C’est, dans ces quelque 280 pages, toute une existence qui défile par tranches, plus ou moins épaisses, poignantes ou savoureuses, en tout cas toujours consistantes, car l’auteur sait rendre vivantes les scènes rapportées, densément et sans pathos.

La première partie est placée sous le signe du padre, Osvaldo, ayant dû quitter son Italie natale pour venir travailler dans les derniers charbonnages du Pays noir où il fondera une famille. À sa retraite, à l’âge de 36 ans, le père se sentant toujours gaillard reprend durant sept années une fermette à Marcinelle, à la périphérie de Charleroi, et entraîne sa famille aux activités de la ferme, ce qui nous vaut les passages les plus drôles du livre. L’auteur y parle aussi avec tendresse d’un oncle mélomane resté en Italie, différent, un peu moqué, admirateur de Leopardi et poète à ses heures…

Dans la seconde partie, le narrateur rend compte de moments plus spécifiques, de rencontres personnelles importantes à divers titres, des hauts lieux de culture d’une ville principalement, Charleroi, de sa passion aussi pour la peinture expressionniste à travers, notamment, l’histoire étonnante (qui l’a mis aux prises avec un critique d’art et prof de philo à la moralité douteuse) de l’acquisition de l’œuvre figurant en couverture du livre, Sophia d’André Aubry, ce qui fournit d’ailleurs son titre à la seconde partie de l’ouvrage.

Cecchi dresse le portrait d’une vie d’une famille ayant dû trouver ses marques, batailler dur, pour permettre aux descendants de vivre sur une terre qui ne leur est plus hostile, avec des perspectives d’avenir. On verse du cocasse au tragique en passant par toutes les formes d’émotion et ce, par la force et l’intensité de la narration qui vont puiser à la racine de l’homme dans ses rapports aux autres, proches, amis, relations de travail. Cette densité, cette attention à autrui, comme déjà dit, font penser à John Fante.
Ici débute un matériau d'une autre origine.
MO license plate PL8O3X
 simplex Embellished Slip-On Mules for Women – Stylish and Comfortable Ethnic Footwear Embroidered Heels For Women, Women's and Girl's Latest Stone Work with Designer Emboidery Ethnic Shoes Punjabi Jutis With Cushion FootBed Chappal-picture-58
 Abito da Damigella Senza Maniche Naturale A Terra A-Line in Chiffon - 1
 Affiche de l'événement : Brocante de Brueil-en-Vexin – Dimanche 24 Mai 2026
C’est, de la sorte, tous les types et tous les milieux humains qui sont croqués, portraiturés, fouillés même. Peu d’états d’âme du narrateur mais des émotions, des sentiments nés des actions auxquelles il se trouve mêlé ou qu’il initie, animé par une force vitale qu’il tire de son enfance et de son milieu d’origine.

C’est le roman d’une vie, composé de plusieurs mouvements, dans des tonalités diverses. Et tout cela sur quatre temps, dans un tempo proche du battement du cœur humain ; comme dans un tango, cette danse contrastée, tour à tour allègre et funèbre, langoureuse et légère, triste et belle ; haletante, certainement.